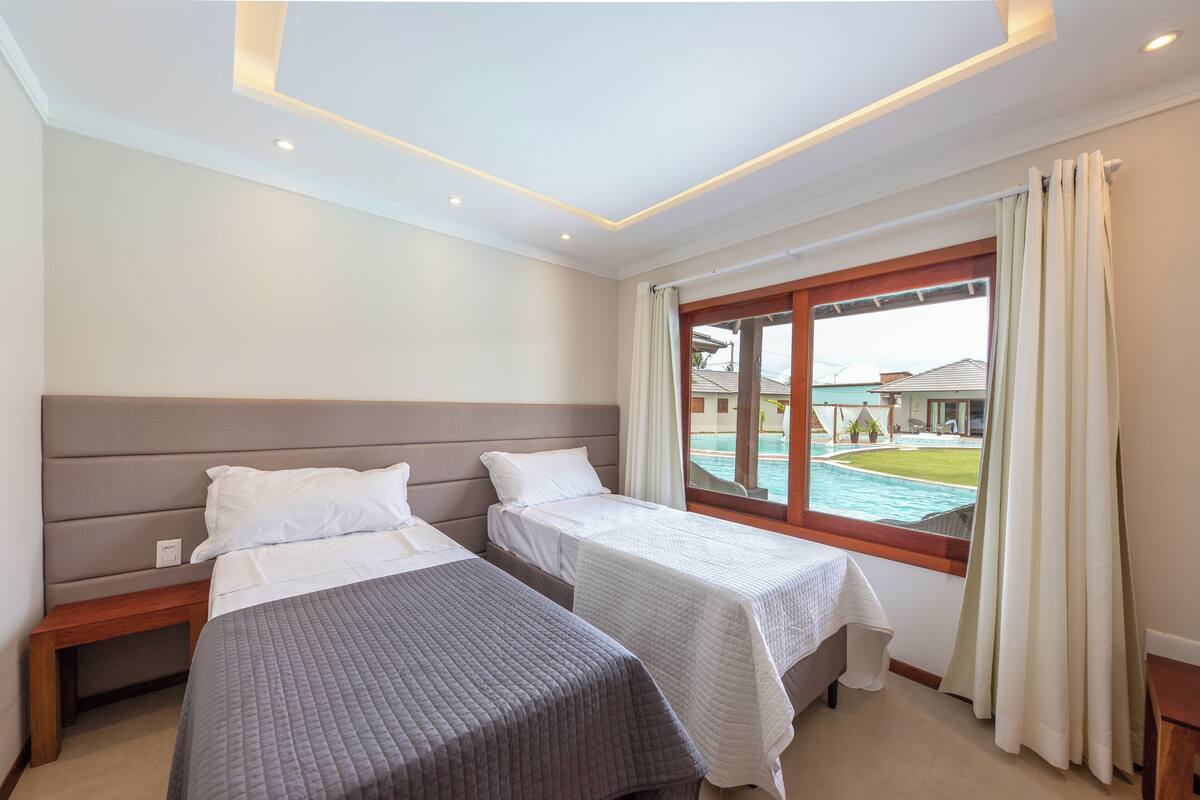 Habitación de hotel con dos camas individuales, una mesita de noche de madera, un ventanal con cortinas y vista a una piscina.
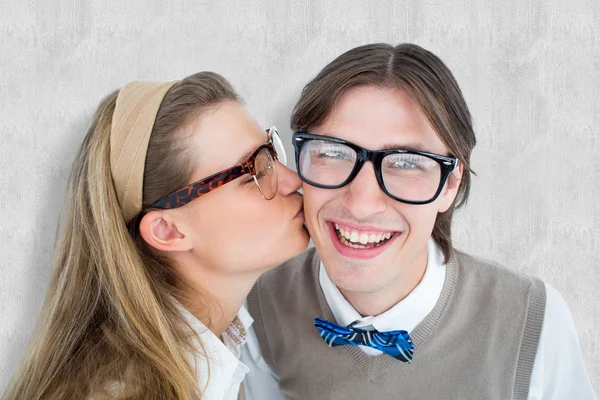 Composite image of geeky hipster kissing her boyfriend — Stock Photo, Image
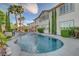 A luxurious backyard pool and spa featuring lush tropical landscaping and a serene setting at 3632 Red Fir St, Las Vegas, NV 89135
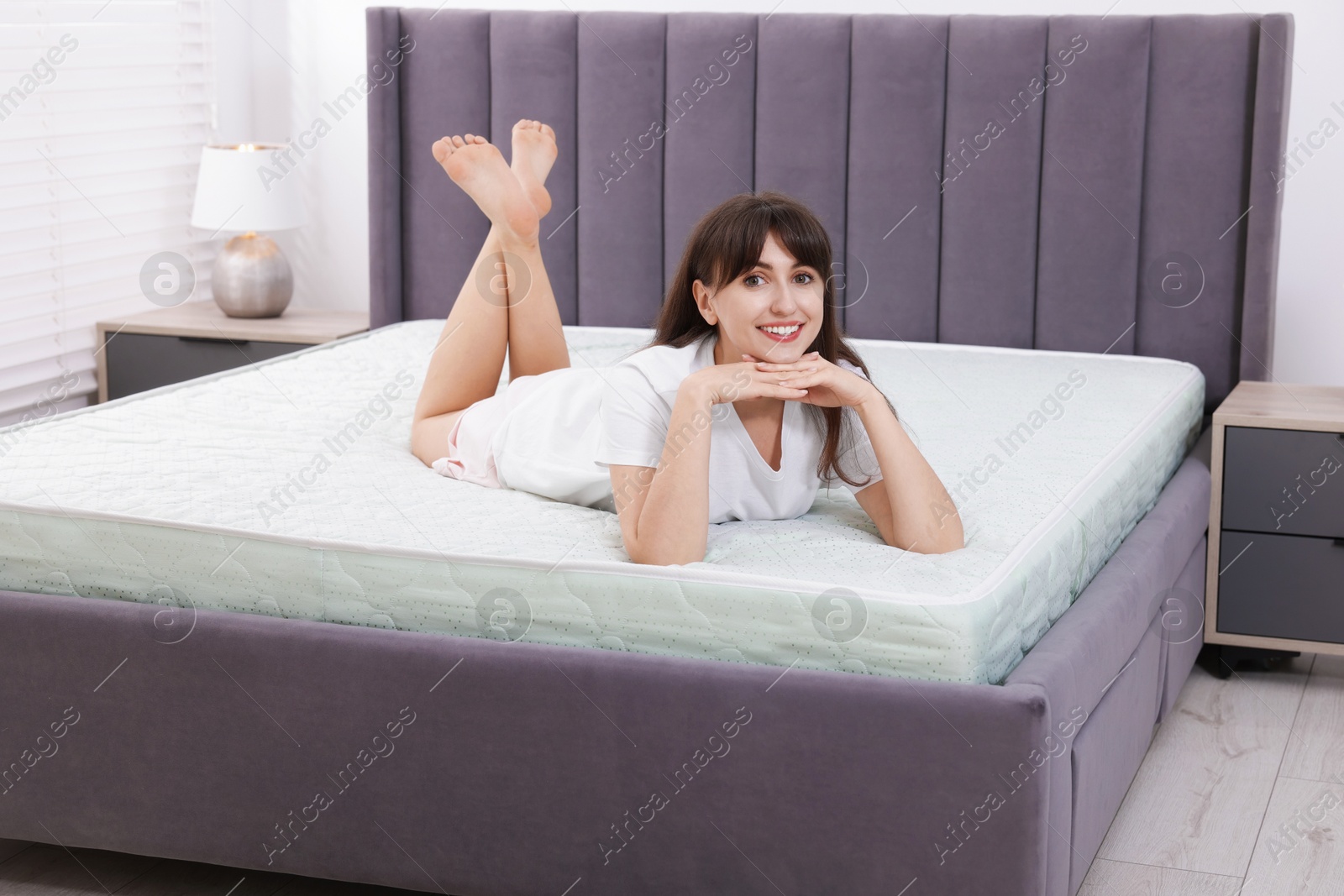 Beautiful woman lying on soft mattress at home Photo of Beautiful woman lying on soft mattress at home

WHAT YOU SHOULD DO. Your answer must be an exact copy of the lines from the one with "Composite image of" through the final line of the data, both included, without any pictures.

EXERCISE ANSWER.
 Composite image of geeky hipster kissing her boyfriend — Stock Photo, Image
 A luxurious backyard pool and spa featuring lush tropical landscaping and a serene setting at 3632 Red Fir St, Las Vegas, NV 89135
 Beautiful woman lying on soft mattress at home Photo of Beautiful woman lying on soft mattress at home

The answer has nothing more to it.